THE TASK: Reproduce the whole listing exactly and let no picture into the copy.

SOURCE MATERIAL:
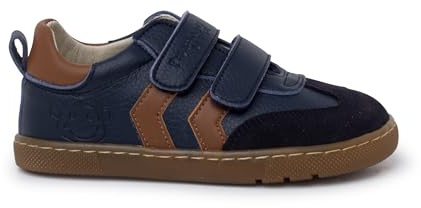 Pisamonas Baskets Barefoot Enfants Bandes Latérales Taille 27 Couleur Bleu Marine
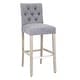 preview thumbnail 16 of 29, Carter 29" Button Tufted Bar Stool (Set of 2) Antique Gray Finish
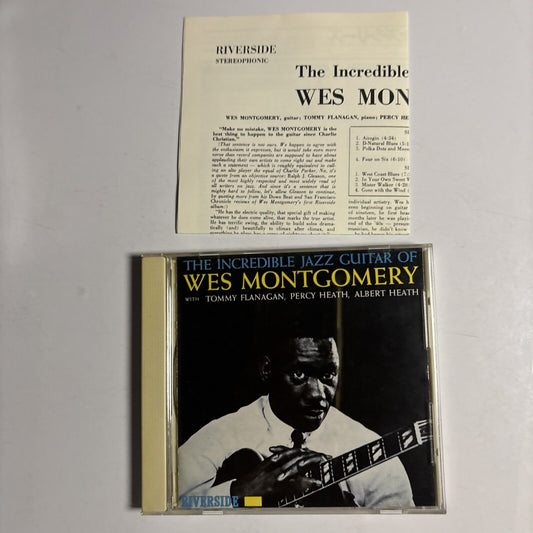 The Incredible Jazz Guitar Of Wes Montgomery (CD, 1991) vicj-23525 Japan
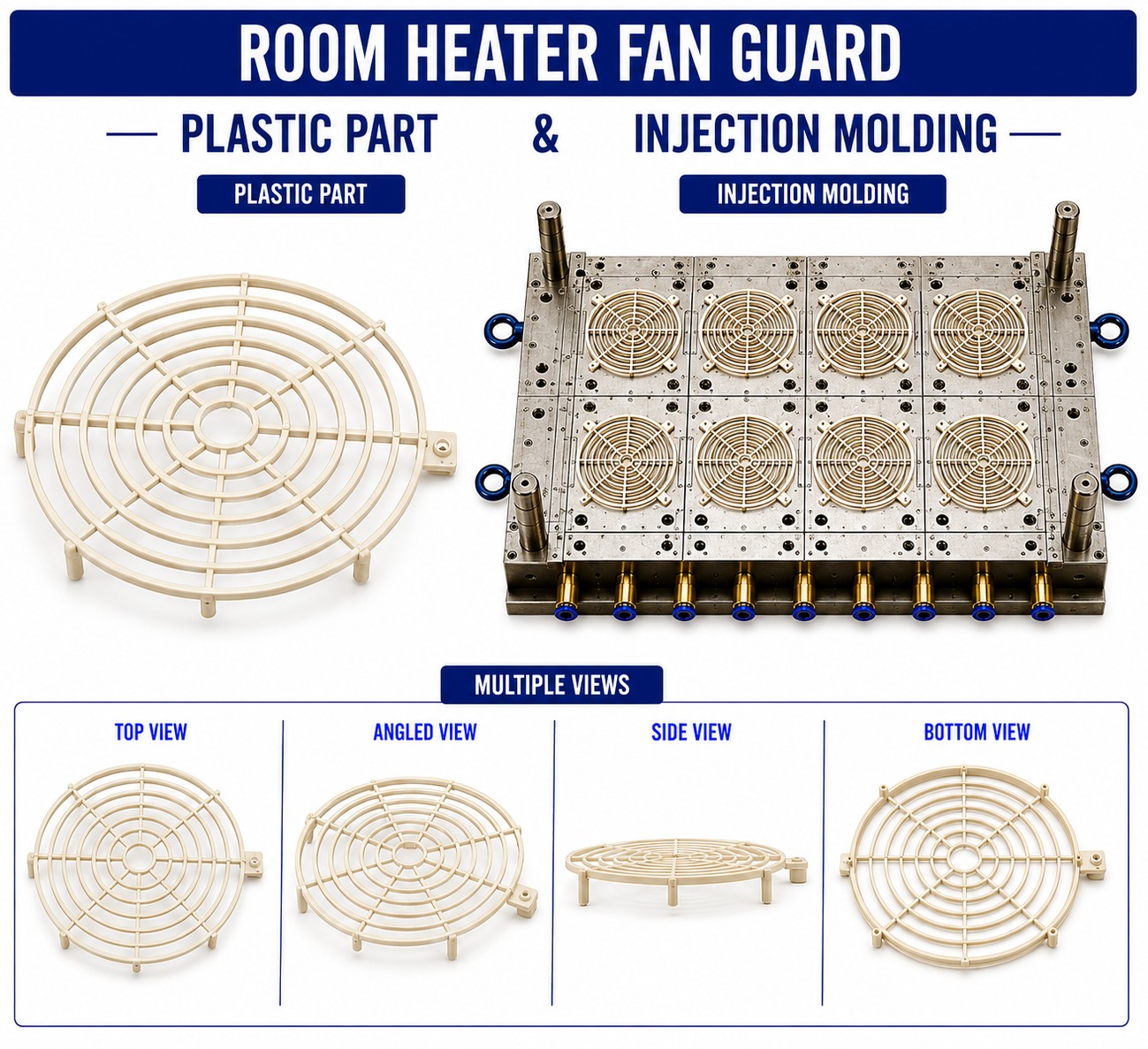 Room Heater Plastic Fan Guard Mould and Moulding Service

ANSWER BOX:
 Pisamonas Baskets Barefoot Enfants Bandes Latérales Taille 27 Couleur Bleu Marine
 preview thumbnail 16 of 29, Carter 29" Button Tufted Bar Stool (Set of 2) Antique Gray Finish
 The Incredible Jazz Guitar Of Wes Montgomery (CD, 1991) vicj-23525 Japan
 Room Heater Plastic Fan Guard Mould and Moulding Service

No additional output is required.